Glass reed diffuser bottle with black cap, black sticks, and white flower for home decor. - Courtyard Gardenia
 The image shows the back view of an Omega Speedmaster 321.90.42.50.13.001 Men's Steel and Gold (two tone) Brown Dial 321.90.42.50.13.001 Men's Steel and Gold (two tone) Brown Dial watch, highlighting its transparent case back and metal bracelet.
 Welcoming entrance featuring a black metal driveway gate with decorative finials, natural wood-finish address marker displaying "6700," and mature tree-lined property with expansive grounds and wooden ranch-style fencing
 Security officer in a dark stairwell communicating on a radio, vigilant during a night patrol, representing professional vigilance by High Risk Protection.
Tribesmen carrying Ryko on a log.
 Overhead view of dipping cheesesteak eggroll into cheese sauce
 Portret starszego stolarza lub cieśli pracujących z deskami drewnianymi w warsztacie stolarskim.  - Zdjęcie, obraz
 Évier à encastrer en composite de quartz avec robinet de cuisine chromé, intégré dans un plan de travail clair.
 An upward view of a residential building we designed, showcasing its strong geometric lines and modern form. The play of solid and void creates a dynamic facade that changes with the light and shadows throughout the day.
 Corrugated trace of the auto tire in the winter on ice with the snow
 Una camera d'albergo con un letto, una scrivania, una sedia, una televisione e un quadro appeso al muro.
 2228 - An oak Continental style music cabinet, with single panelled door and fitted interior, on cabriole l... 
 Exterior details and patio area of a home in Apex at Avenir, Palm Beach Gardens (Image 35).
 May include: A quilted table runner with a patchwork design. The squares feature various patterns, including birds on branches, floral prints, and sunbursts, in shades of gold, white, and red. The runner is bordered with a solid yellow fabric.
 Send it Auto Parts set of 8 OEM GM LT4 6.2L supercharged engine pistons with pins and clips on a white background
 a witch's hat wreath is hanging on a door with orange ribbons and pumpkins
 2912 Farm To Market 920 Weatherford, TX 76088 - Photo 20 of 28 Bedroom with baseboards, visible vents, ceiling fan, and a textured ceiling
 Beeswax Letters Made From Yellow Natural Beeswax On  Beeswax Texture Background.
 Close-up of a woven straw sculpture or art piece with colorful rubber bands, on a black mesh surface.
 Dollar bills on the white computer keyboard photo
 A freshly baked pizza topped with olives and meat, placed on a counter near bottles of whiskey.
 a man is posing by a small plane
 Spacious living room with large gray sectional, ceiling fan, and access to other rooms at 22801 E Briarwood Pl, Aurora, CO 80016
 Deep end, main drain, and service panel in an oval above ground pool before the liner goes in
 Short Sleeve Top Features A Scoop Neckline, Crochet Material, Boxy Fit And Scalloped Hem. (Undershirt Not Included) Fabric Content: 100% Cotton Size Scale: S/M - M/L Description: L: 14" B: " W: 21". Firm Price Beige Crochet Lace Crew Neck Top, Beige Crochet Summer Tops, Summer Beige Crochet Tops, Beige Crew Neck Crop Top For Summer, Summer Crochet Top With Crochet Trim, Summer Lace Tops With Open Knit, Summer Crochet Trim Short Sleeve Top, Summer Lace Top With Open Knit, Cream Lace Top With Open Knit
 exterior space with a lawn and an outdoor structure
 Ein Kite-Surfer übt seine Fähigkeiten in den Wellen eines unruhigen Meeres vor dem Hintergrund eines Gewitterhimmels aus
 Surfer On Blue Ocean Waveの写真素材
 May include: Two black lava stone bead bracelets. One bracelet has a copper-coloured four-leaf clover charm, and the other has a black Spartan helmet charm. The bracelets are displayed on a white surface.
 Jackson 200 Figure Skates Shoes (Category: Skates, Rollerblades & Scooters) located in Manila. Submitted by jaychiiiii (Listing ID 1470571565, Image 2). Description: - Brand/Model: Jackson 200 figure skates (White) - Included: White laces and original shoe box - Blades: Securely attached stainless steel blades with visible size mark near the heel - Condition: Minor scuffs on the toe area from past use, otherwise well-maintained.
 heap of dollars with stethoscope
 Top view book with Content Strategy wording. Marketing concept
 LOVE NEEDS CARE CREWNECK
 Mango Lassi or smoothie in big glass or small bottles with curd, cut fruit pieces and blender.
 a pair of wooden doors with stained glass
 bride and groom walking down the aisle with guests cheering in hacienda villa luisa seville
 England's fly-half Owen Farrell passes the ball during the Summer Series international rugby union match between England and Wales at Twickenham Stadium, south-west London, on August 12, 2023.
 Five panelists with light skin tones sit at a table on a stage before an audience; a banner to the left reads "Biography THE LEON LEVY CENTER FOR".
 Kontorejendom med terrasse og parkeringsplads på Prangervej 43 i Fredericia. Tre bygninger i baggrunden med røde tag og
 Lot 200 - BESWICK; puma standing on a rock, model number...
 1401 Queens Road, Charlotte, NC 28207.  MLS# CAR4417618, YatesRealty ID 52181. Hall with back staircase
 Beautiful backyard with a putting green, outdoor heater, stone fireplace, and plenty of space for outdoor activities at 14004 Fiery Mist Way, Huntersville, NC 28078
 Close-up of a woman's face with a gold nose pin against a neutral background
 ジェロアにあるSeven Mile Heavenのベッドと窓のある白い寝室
• • • •
TASK DETAILS: Your response should consist of the full listing, exactly as written.

EXERCISE ANSWER:
Glass reed diffuser bottle with black cap, black sticks, and white flower for home decor. - Courtyard Gardenia
 The image shows the back view of an Omega Speedmaster 321.90.42.50.13.001 Men's Steel and Gold (two tone) Brown Dial 321.90.42.50.13.001 Men's Steel and Gold (two tone) Brown Dial watch, highlighting its transparent case back and metal bracelet.
 Welcoming entrance featuring a black metal driveway gate with decorative finials, natural wood-finish address marker displaying "6700," and mature tree-lined property with expansive grounds and wooden ranch-style fencing
 Security officer in a dark stairwell communicating on a radio, vigilant during a night patrol, representing professional vigilance by High Risk Protection.
Tribesmen carrying Ryko on a log.
 Overhead view of dipping cheesesteak eggroll into cheese sauce
 Portret starszego stolarza lub cieśli pracujących z deskami drewnianymi w warsztacie stolarskim.  - Zdjęcie, obraz
 Évier à encastrer en composite de quartz avec robinet de cuisine chromé, intégré dans un plan de travail clair.
 An upward view of a residential building we designed, showcasing its strong geometric lines and modern form. The play of solid and void creates a dynamic facade that changes with the light and shadows throughout the day.
 Corrugated trace of the auto tire in the winter on ice with the snow
 Una camera d'albergo con un letto, una scrivania, una sedia, una televisione e un quadro appeso al muro.
 2228 - An oak Continental style music cabinet, with single panelled door and fitted interior, on cabriole l... 
 Exterior details and patio area of a home in Apex at Avenir, Palm Beach Gardens (Image 35).
 May include: A quilted table runner with a patchwork design. The squares feature various patterns, including birds on branches, floral prints, and sunbursts, in shades of gold, white, and red. The runner is bordered with a solid yellow fabric.
 Send it Auto Parts set of 8 OEM GM LT4 6.2L supercharged engine pistons with pins and clips on a white background
 a witch's hat wreath is hanging on a door with orange ribbons and pumpkins
 2912 Farm To Market 920 Weatherford, TX 76088 - Photo 20 of 28 Bedroom with baseboards, visible vents, ceiling fan, and a textured ceiling
 Beeswax Letters Made From Yellow Natural Beeswax On  Beeswax Texture Background.
 Close-up of a woven straw sculpture or art piece with colorful rubber bands, on a black mesh surface.
 Dollar bills on the white computer keyboard photo
 A freshly baked pizza topped with olives and meat, placed on a counter near bottles of whiskey.
 a man is posing by a small plane
 Spacious living room with large gray sectional, ceiling fan, and access to other rooms at 22801 E Briarwood Pl, Aurora, CO 80016
 Deep end, main drain, and service panel in an oval above ground pool before the liner goes in
 Short Sleeve Top Features A Scoop Neckline, Crochet Material, Boxy Fit And Scalloped Hem. (Undershirt Not Included) Fabric Content: 100% Cotton Size Scale: S/M - M/L Description: L: 14" B: " W: 21". Firm Price Beige Crochet Lace Crew Neck Top, Beige Crochet Summer Tops, Summer Beige Crochet Tops, Beige Crew Neck Crop Top For Summer, Summer Crochet Top With Crochet Trim, Summer Lace Tops With Open Knit, Summer Crochet Trim Short Sleeve Top, Summer Lace Top With Open Knit, Cream Lace Top With Open Knit
 exterior space with a lawn and an outdoor structure
 Ein Kite-Surfer übt seine Fähigkeiten in den Wellen eines unruhigen Meeres vor dem Hintergrund eines Gewitterhimmels aus
 Surfer On Blue Ocean Waveの写真素材
 May include: Two black lava stone bead bracelets. One bracelet has a copper-coloured four-leaf clover charm, and the other has a black Spartan helmet charm. The bracelets are displayed on a white surface.
 Jackson 200 Figure Skates Shoes (Category: Skates, Rollerblades & Scooters) located in Manila. Submitted by jaychiiiii (Listing ID 1470571565, Image 2). Description: - Brand/Model: Jackson 200 figure skates (White) - Included: White laces and original shoe box - Blades: Securely attached stainless steel blades with visible size mark near the heel - Condition: Minor scuffs on the toe area from past use, otherwise well-maintained.
 heap of dollars with stethoscope
 Top view book with Content Strategy wording. Marketing concept
 LOVE NEEDS CARE CREWNECK
 Mango Lassi or smoothie in big glass or small bottles with curd, cut fruit pieces and blender.
 a pair of wooden doors with stained glass
 bride and groom walking down the aisle with guests cheering in hacienda villa luisa seville
 England's fly-half Owen Farrell passes the ball during the Summer Series international rugby union match between England and Wales at Twickenham Stadium, south-west London, on August 12, 2023.
 Five panelists with light skin tones sit at a table on a stage before an audience; a banner to the left reads "Biography THE LEON LEVY CENTER FOR".
 Kontorejendom med terrasse og parkeringsplads på Prangervej 43 i Fredericia. Tre bygninger i baggrunden med røde tag og
 Lot 200 - BESWICK; puma standing on a rock, model number...
 1401 Queens Road, Charlotte, NC 28207.  MLS# CAR4417618, YatesRealty ID 52181. Hall with back staircase
 Beautiful backyard with a putting green, outdoor heater, stone fireplace, and plenty of space for outdoor activities at 14004 Fiery Mist Way, Huntersville, NC 28078
 Close-up of a woman's face with a gold nose pin against a neutral background
 ジェロアにあるSeven Mile Heavenのベッドと窓のある白い寝室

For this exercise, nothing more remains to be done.